Reading Recommendations...

Our latest eBulletin has been sent out with some new reading recommendations & offers...
In particular this book 'Counting the Cost' has been proving popular and is well reviewed.  It is a sober and inspiring testimony of God's help and grace given while enduring the most terrifying ordeal.  British missionary doctors David and Shirley Donovan were taken hostage with two others by a crazed gang in Nigeria and held to ransom.  Their gripping story is interwoven with their search for meaning in it, and what they came to learn of the sovereignty, yet nearness, of God through it.  It challenges the flabby Christianity too often evident today, and is a humbling and searching book to read, and to confidently recommend to others.

Have a read of our eBulletin here

If you would like to receive these emails regularly please let us know or just sign up on website homepage.

Friday, 10 January 2020

God Sings! (And Ways We Think He Ought To)

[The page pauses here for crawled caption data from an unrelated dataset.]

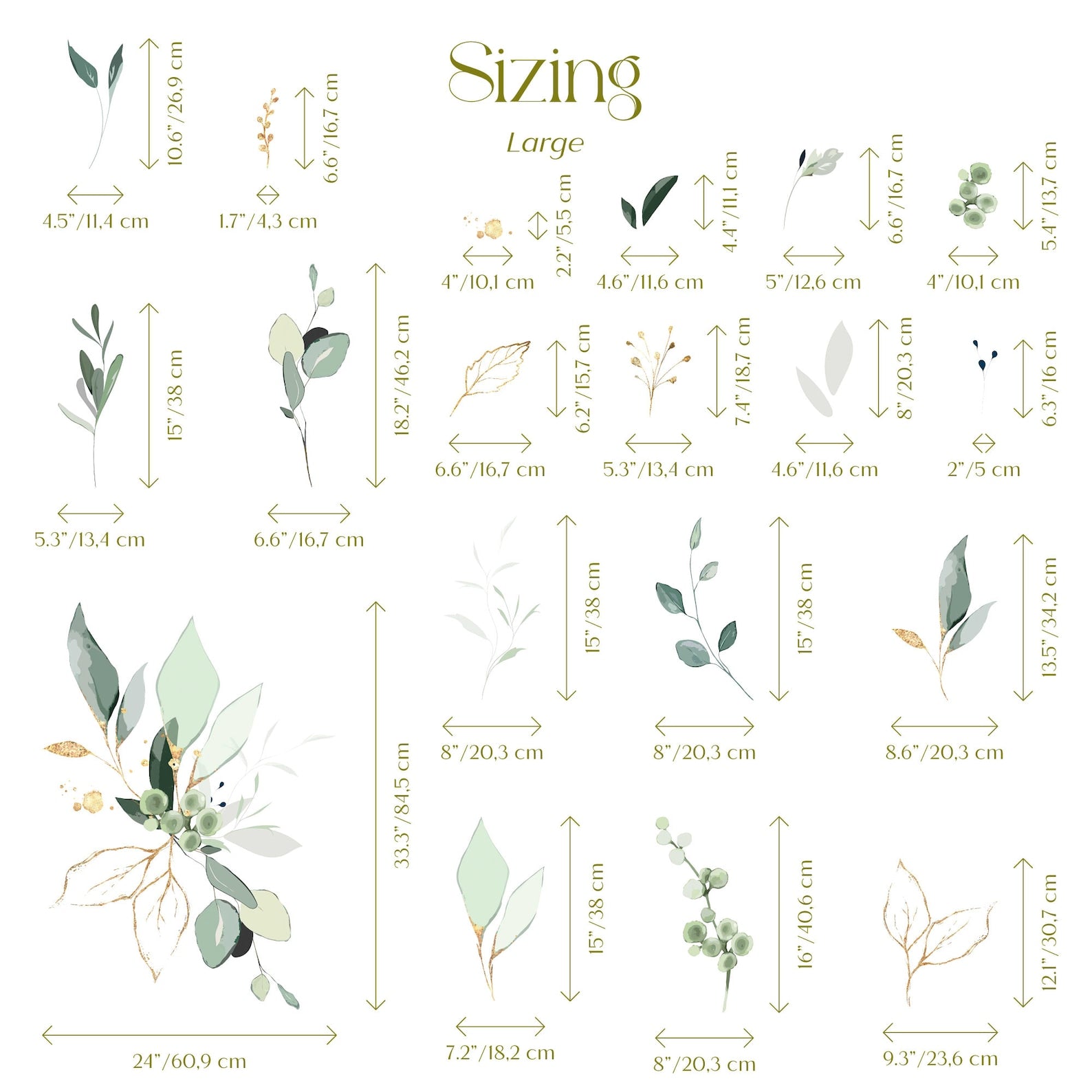 Jungle Leaves Wall Decal for Nursery, Bathroom Tropical Wall Decals, Palm Banana Leaf Wall Decal, Safari Tropical Plants Decal Peel & Stick - Clickwalls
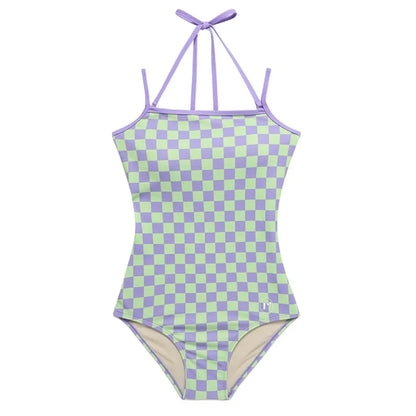 One Piece Plaid Swimsuit Women Strappy Bathing Suit Swimwear Monokini Bathing Suit Removable Pad Beach Wear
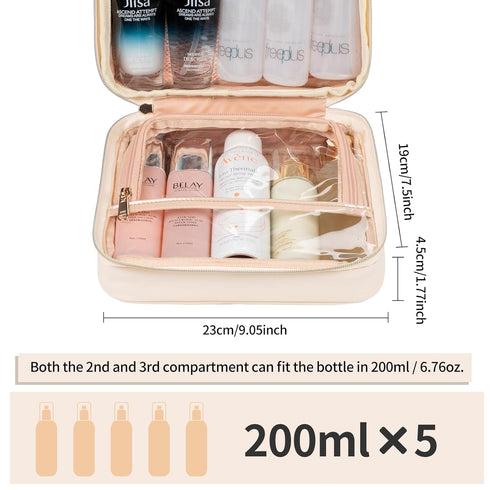 CUBETASTIC Travel Toiletry Bag, Portable Makeup Bag with Hanging Hook Waterproof Cosmetic Organizer Case 3 Compartment Leather Pouch for Toiletrie...
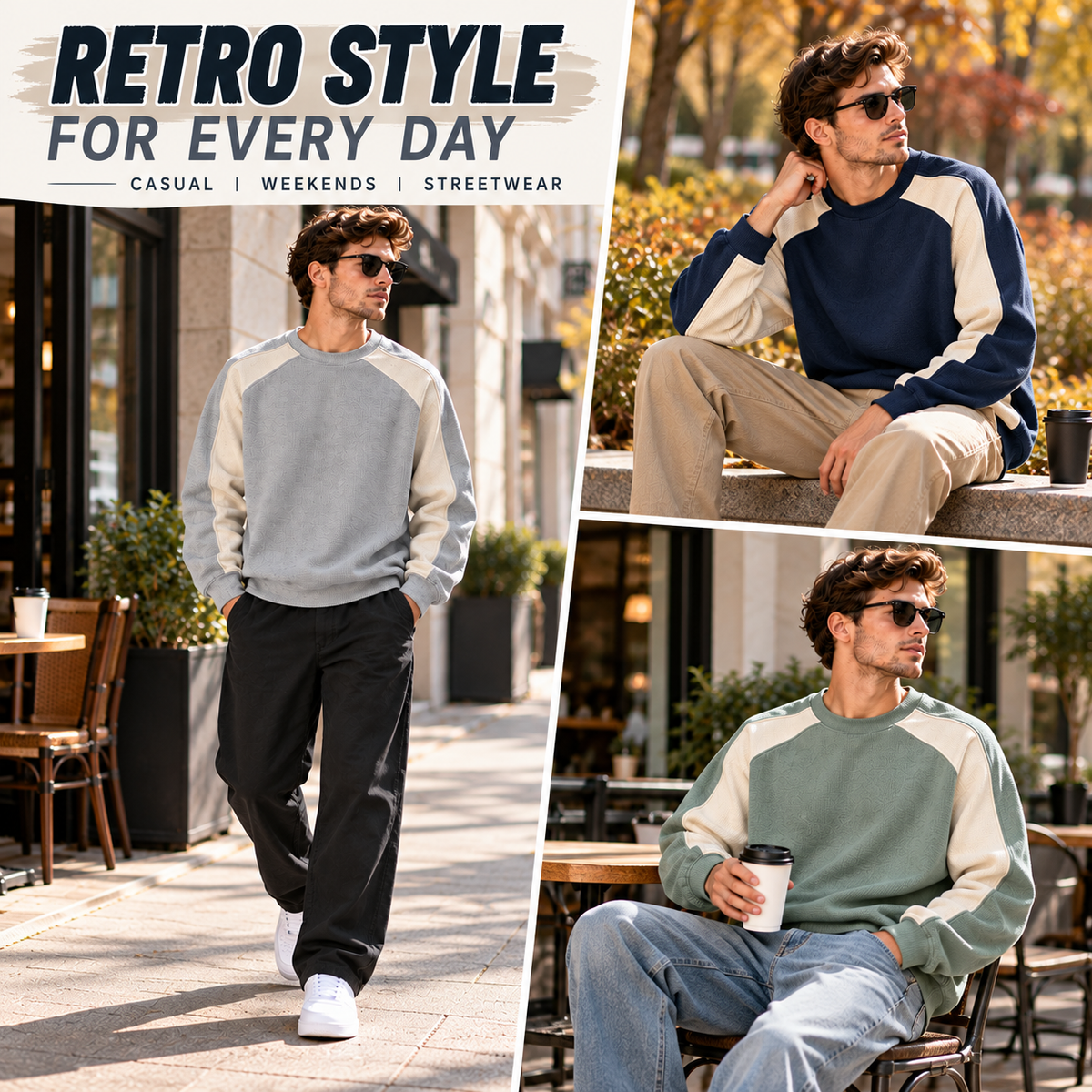 Men's Retro Color Block Crew Neck Relaxed Fit Pullover Sweatshirt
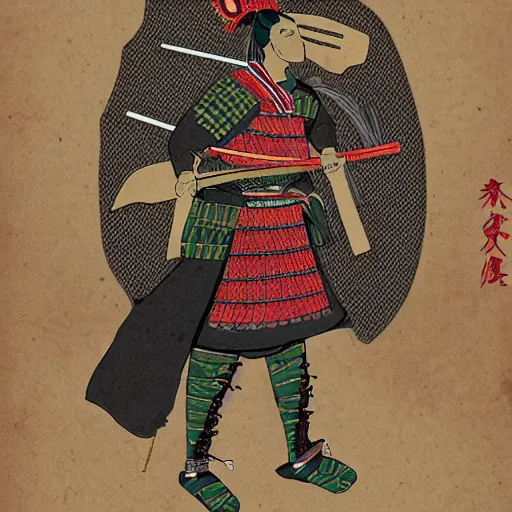 Prompt: illustrated samurai dressed in hummingbird themed armor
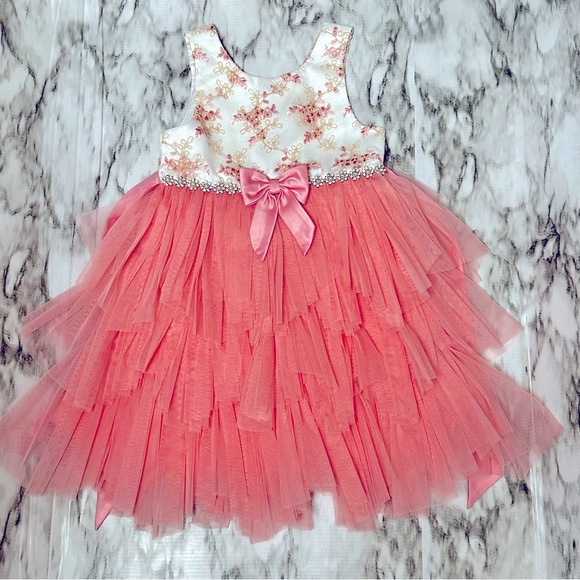 American Princess Pink Tulle Dress Sz 6 Floral Jacquard Jeweled Waist Fancy Gown - Picture 1 of 10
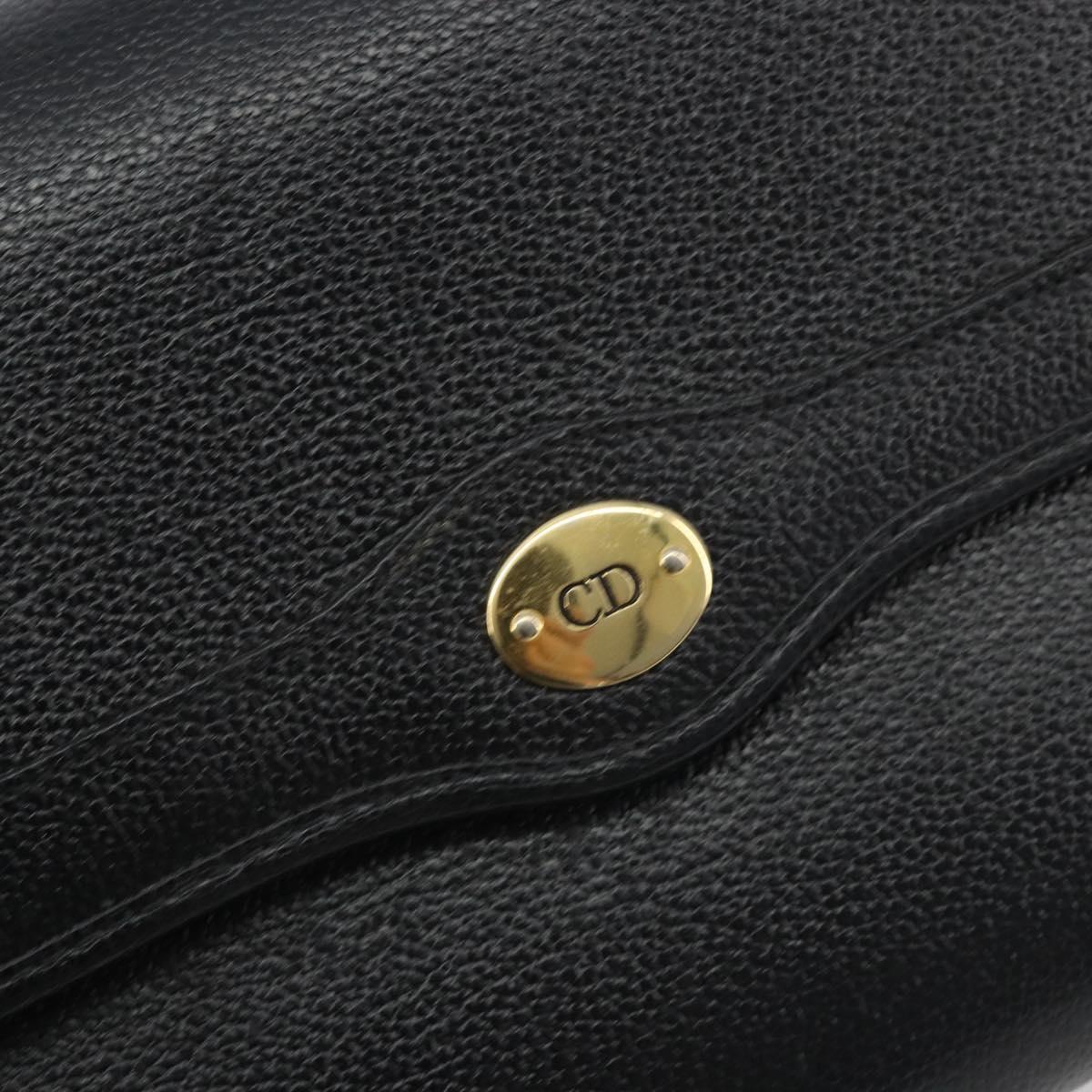Christian Dior Chain Shoulder Bag Leather Black Gold Tone Auth ep15243A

The curious title of this book reflects Zephaniah 3:17, which reveals that God in some sense sings with joy over his people.  Douglas Bond has turned back to non-fiction again in this his latest book, and is concerned with how and what the church should be singing back to God in worship.   He has clearly thought long and hard, and visited many churches, to research this issue, which has great practical impact right across all denominations.  Bond is a hymn enthusiast with a love and appreciation of music.  But he is not concerned with merely lobbing grenades over the divide between those who favour contemporary worship music, which has had a huge take up in the last few decades, and those who hold to traditional hymn music.  Even though it becomes apparent that he comes down on the side of the latter, his concern is rather with genuine enquiry than with recrimination.  A compelling part of his investigation is his concern to analyse the church music scene using biblical principles.  Hence Bond critiques ‘high art’ music as well as ‘folk art’; ‘solemnity’ as a criteria for hymn singing as well as 'emotion'; psalm-only convictions as well as culture-sensitive ones.  However, as this is achieved in his lively and familiar style of writing it doesn’t feel too intense to be useful in a book of this size and purpose. In following out his view of hymn composition as the most exalted form of poetry, he gives profitable space to the analysis of some of Isaac Watts’ and Augustus Toplady’s hymns. And he justifies his concern over contemporary lack of formal poetic education, and the way music takes priority over words, by taking a look at one of the most successful modern worship songs, '10,000 Reasons' by Matt Redman.  Just one gripe I have with this book is that it is not well edited in my opinion.  Only at the end of the book where the acknowledgements are placed, does it become clear that it began life as a series of articles and lectures over a period of years.  This explains the small degree of repetition, but it is regrettable nevertheless. But don’t let that itch put you off - this is a good theological guide to the sung praises of God.